Jameson Lopp, a developer at Casa, wasted no time in challenging NEO’s then $8 billion market cap, saying that the project is “not even fault tolerant to a single consensus node failing.”
However, an explanatory statement was released by NEO’s R&D manager Malcom Lerider, in which he gave a high-level overview of the issue.
In a Medium post, Mr. Lerider wrote: “I call it an edge case because it requires a node being out of sync, going offline, then back online during consensus, and send ”change view” (because out of sync) when the consensus is already at a high iteration number (6 or more). Every time a view is changed, the view time is increased. This means that there is an increasing delay in each iteration to be able to receive all consensus messages. What we experienced yesterday is a combination of 1. Delay is too long, 2. Consensus messages being forwarded with priority but not received with priority (queued behind other messages). These will be fixed in an upcoming patch.”
He also pointed out a tweet of NEO developer City of Zion, arguing that the “system can handle nodes going down”.

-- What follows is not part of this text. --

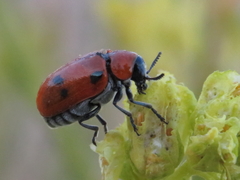 Coptocephala scopolina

However, with rising concerns in the community, NEO’s founder Da Hongfei stepped up to explain the project’s consensus and the technicality of the recent issue.
Mr. Hongfei quickly refuted the reason of the crash put forth by Mr. Lerider. He wrote: “The delay is not out of the reason described by the statement of Malcolm Lerider in Discord, although he is NEO’s Senior R&D Manager. His statement was then misused as evidence that 1 Consensus Node failure will bring down the NEO network. It is a ridiculous and ignorant accusation and can be debunked easily. The actual reason is more complicated and we were aware of this issue and had been working on it long before the recent delay happened.”
He further explained the technicality of the issue: “One or even two Consensus Nodes going offline or colluding maliciously will not trigger this issue because dBFT tolerates “f” (in NEO’s case f=2) faulty nodes given there are “3f+1” (in NEO’s case 7) Consensus Nodes. We are pretty sure the block delay is caused by a corner case lying deep in NEO’s p2p protocol implementation: in some unusual scenarios, Consensus Nodes disconnect from the networks temporarily but reconnect shortly after. In such scenarios block delay is observed. We had been testing fixes for weeks on testnet and it was planned to be deployed on mainnet this week.”
The impact of the delay and downtime clearly reflects on NEO as well as GAS’s performance on the market. Both coins have taken a plunge in the last 7 days. NEO depreciated 22.8% in this period as its value went down from $142 to $108. GAS the token which fuels the network dipped from $44 to $32.
Despite the dip, NEO still is the 7th largest coin in the market, with a market capitalization of over $7 billion.